BM -17-

4K 694 69
                                    

Pagi datang membersihkan embun-embun yang tertiup saat malam. Sinar matahari masuk menyusup ke dalam kamar yang temaram.

Mahen berkedip saat sadar dirinya sedikit bangun lebih terlambat dari biasanya. Maklum saja semalam dia tidur jauh lebih larut.

Dia bangkit perlahan tersenyum tipis saat menyadari kasur di sebelahnya tak terisi. Tadi malam cukup menguras emosi keduanya, maka tak heran jika Jani merasa enggan menampakkan wajah di hadapannya.

Padahal Mahen sama sekali tidak masalah jika harus melihat wajah bengkak Jani selepas menangis. Bagi Mahen Jani masih tetap adik kecilnya yang menggemaskan.

Tak menunggu waktu lama untuk berdiam diri Mahen bergegas bersiap. Takut terlambat ke sekolah di Senin pagi.

Setelah selesai bersiap dia lantas melangkah keluar kamar dan turun ke dapur untuk sarapan bersama.

"Pagi Mahen"

"Pagi Om, bunda. Tumben dah siap Jan??"

"Males nanti macet"

Mahen mengangguk dan langsung duduk di antara mereka seolah tak pernah terjadi apapun. Seperti biasanya.

Mahen sudah terbiasa menjadi buta dan tuli untuk keluarganya.

"Pagiii semuaa"

Langkah ceria Jemian membuat Mahen mendongak.

"Pagi Papa jelek"

"Pagi cil"

Satu kecupan mendarat di pelipis anak itu. Seperti biasanya.

"Hohoho isi sandwichnya daging sisa kemarin gak sih?? Eww"

"Emang kalau sisa kemarin kenapa?? Masih bisa dimakan!"

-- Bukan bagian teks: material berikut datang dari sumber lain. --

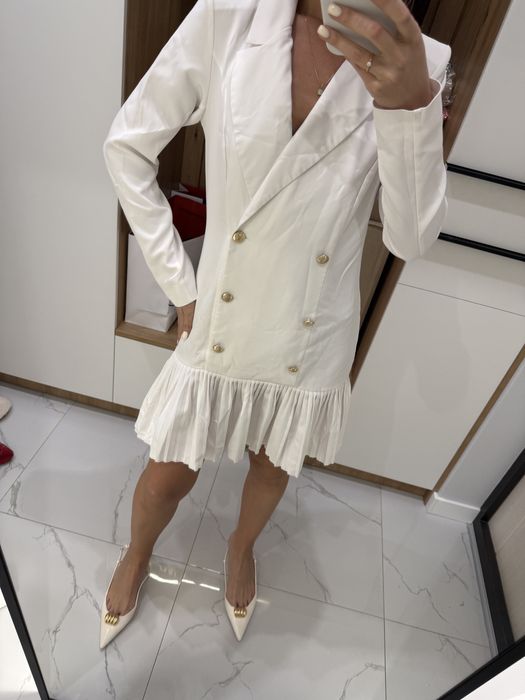 Сукня-жакет з костюмної тканини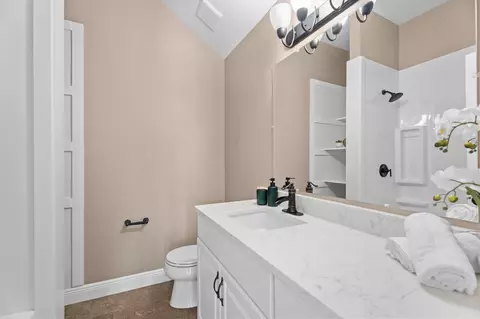 Bath - 5010 Deer Point Dr, Spring, TX 77389 photo 1 of 3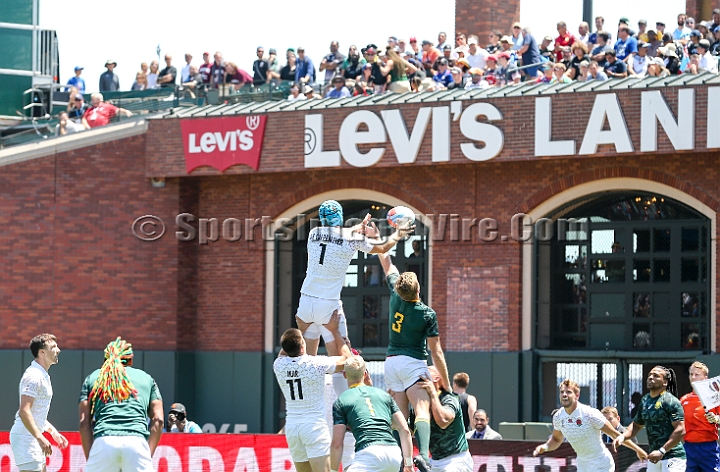 2018RugbySevensSun-10.JPG - South Africa player Trael Joass (3) deflects a throw in to England player Richard de Carpentier (1) in the men's championship semi finals of the 2018 Rugby World Cup Sevens, Sunday, July 22, 2018, at AT&T Park, San Francisco. England defeated South Africa 29-7. (Spencer Allen/IOS via AP)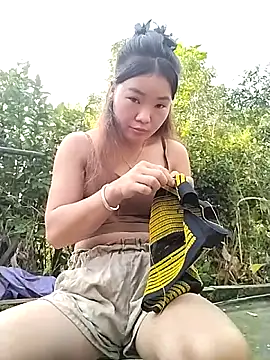 lylylove online show from 10/17/25, 12:36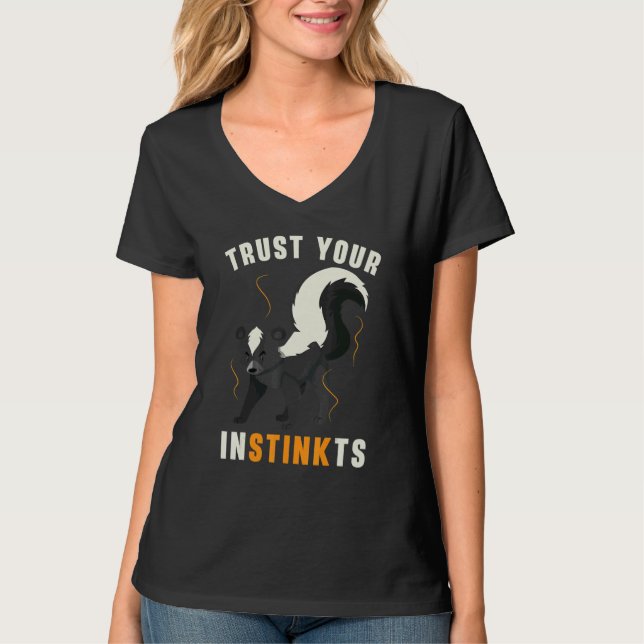Camiseta Trust Your Instinkts Wildlife Animal Skunk Whisper (Anverso)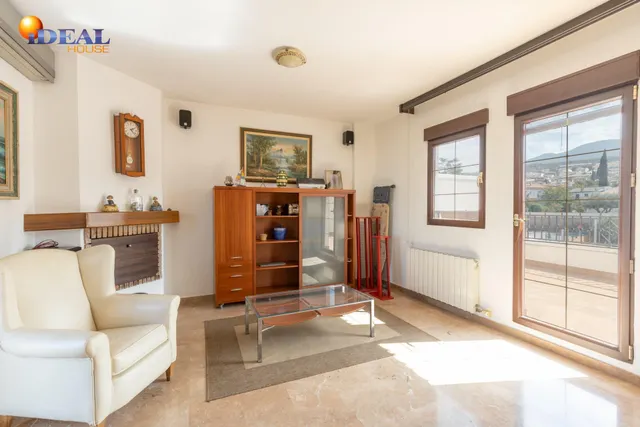 Adosada con 4 dormitorios, amplias terrazas y vistas a Granada y sierra nevada — 38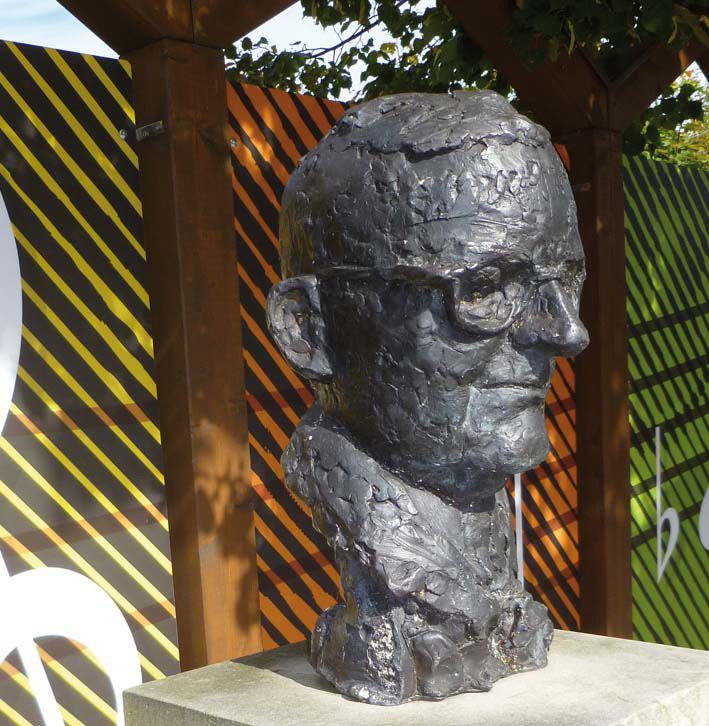 Festivalv v cirkusovom stane alebo Šostakovič v ríši pieskovcov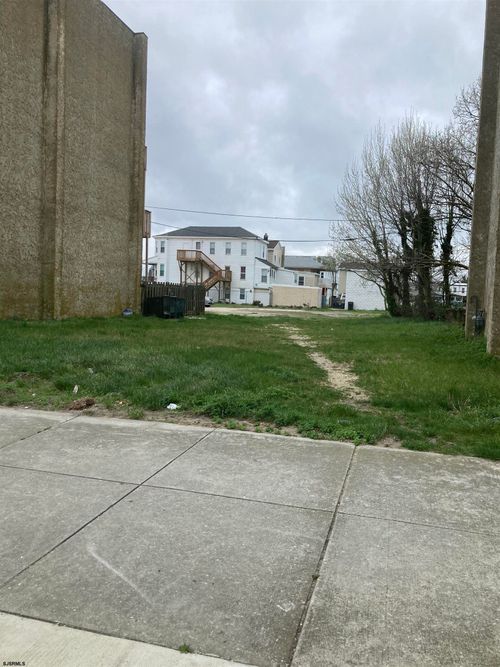 319-315-319 Atlantic Ave, Atlantic City, NJ, 08401-7701 | Card Image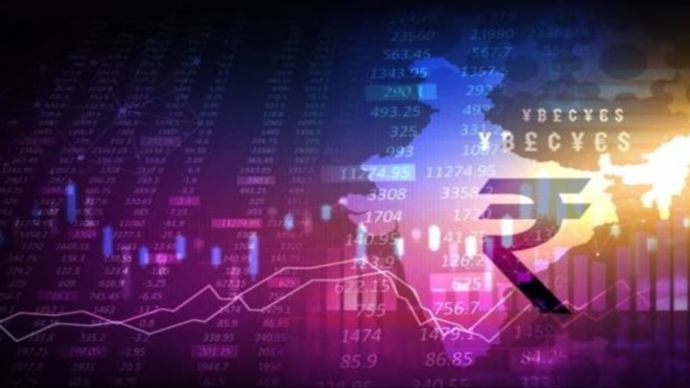 भारत 10 ट्रिलियन डॉलर की अर्थव्यवस्था बनने की राह पर भारत 10 ट्रिलियन डॉलर की अर्थव्यवस्था बनने की राह पर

Bunda menyambung. Mahen melirik Jani yang tak acuh. Biasanya yang akan menyela Jemian itu Jani.

"Ya tetep aja sih namanya sisa"

"Iya deh iya"

Bunda mengalah dan kini meja makan kembali senyap.

"Aku udah selesai. Mau berangkat buru-buru katanya Eji piket"

Jemian bangkit membuat seisi meja menoleh ke arahnya.

"Bye Papa. Bye B-bunda"

Bunda terkekeh geli membalas lambaian tangan Jemian dengan semangat.

"Iya hati-hati cil"

"Aku juga udah selesai"

Jani kemudian turut bangkit bergegas mengikuti Jemian.

"Hen"

Tersentak. Mahen cepat-cepat menoleh ke arah bundanya.

"Gak buru-buru juga??"

"Oh iya"

Mahen bangkit mengambil tasnya.

"Aku berangkat dulu, Bun. Om"

Agaknya disini hanya Mahen yang berusaha keras sendiri untuk bersikap. Padahal yang lain tampak biasa saja seolah tak ada yang salah. Seperti biasanya.

🦄🦄🦄

Jani cepat-cepat menarik tas Jemian saat keduanya sampai teras rumah. Menghentikan langkah anak itu.

"Gue nebeng"

Jemian menggeleng dan melepas tangan Jani dengan pelan.

"Gak bisa g-gue buru-buru Eji udah nunggu"

Kemudian anak itu benar-benar pergi meninggalkan Jani yang terpekur sendirian.

Kalau dihitung sudah tiga hari hubungannya dan Jemian menjadi aneh. Sejak malam Sabtu dimana mereka menginap di rumah sakit waktu itu. Sejak saat itu Jemian menghindari dirinya.